O caso horrível dos trabalhadores resgatados em Bento Gonçalves criou uma injusta onda de generalização, de boicotes, de falsas acusações e de preconceito contra o povo da Serra gaúcha e uma das suas principais indústrias: a vitivinícola. Há muita gente leviana que tenta sinalizar virtude e reparar uma injustiça cometendo outras injustiças. Assim que o caso veio a público na semana passada, começou um festival de comentários cretinos e infundados que passaram de qualquer limite do bom senso e da checagem de fatos.
Primeiramente, acusaram “a mídia” gaúcha de omitir o nome das vinícolas que haviam contratado a empresa terceirizada, porque se tratavam de “grandes anunciantes”. Mentira: logo nas primeiras matérias publicadas, lá estavam a Aurora, a Garibaldi e a Salton sendo cobradas de imediato por sua negligência.
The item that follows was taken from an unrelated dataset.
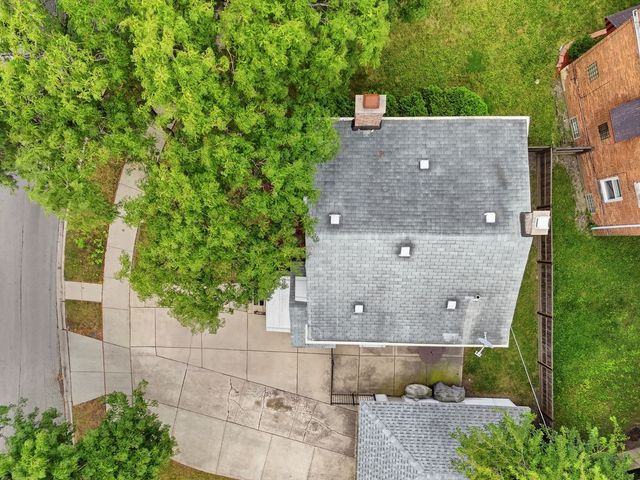 7559 S Hoyne Avenue, Chicago, IL 60620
Depois, começou a pior parte: a generalização de que “todo sulista(sic) é nazista e fascista” e que, por causa disso, “há muitos casos de trabalho escravo no RS”.
Esse tipo de comentário é o que há de pior no esgoto da internet. Segue a lógica absurda de dissipar mentiras, pregar o ódio e o cancelamento sem muito critério, por puro despeito, desinformação e cegueira ideológica. Prejudica principalmente quem nada tem a ver com o caso apenas por “aproximação”. Iniciaram-se campanhas contra o vinho nacional, contra o turismo na Serra gaúcha e contra o povo gaúcho como se todas as pessoas que aqui trabalham e vivem honestamente fossem escravocratas.
O mais irônico é que a empresa terceirizada que maltratou e torturou esses trabalhadores pertencia não a um “sulista”, mas a um nordestino, o empresário baiano Pedro Augusto de Oliveira Santana. Qualquer pessoa provida de um mínimo de raciocínio lógico pode imaginar que “empresários” como o tal Pedro Augusto não fornecem mão de obra barata apenas para a safra de uva aqui no Sul: certamente há muitos agenciadores gananciosos que lucram conforme a sazonalidade da agricultura no Brasil inteiro.
Esses caras se aproveitam da pobreza e da humildade, e certamente do desespero, de muitos jovens e adultos nordestinos com promessas de salários relativamente altos para um mês de trabalho. Na verdade, criam armadilhas para endividá-los – como a tal caderneta do armazém, obrigando-os a pagar preços absurdos por alimentos e produtos de higiene –, além de colocá-los em alojamentos insalubres. Por sua vez, as empresas contratantes, desde que consigam mão de obra “barata”, dificilmente vão querer investigar o que há por trás deste “barato”, num misto de ganância e burrice.
Aposto que se houvesse fiscalização decente e competente em outras regiões do país se descobririam vários casos horríveis de condições análogas à escravidão em fazendas de café, cacau, cana-de-açúcar, seja no Sudeste, no Centro-Oeste e no Nordeste. Infelizmente, a ganância e a negligência não conhecem fronteiras neste país, mas devemos evitar que se comentam injustiças por mera leviandade.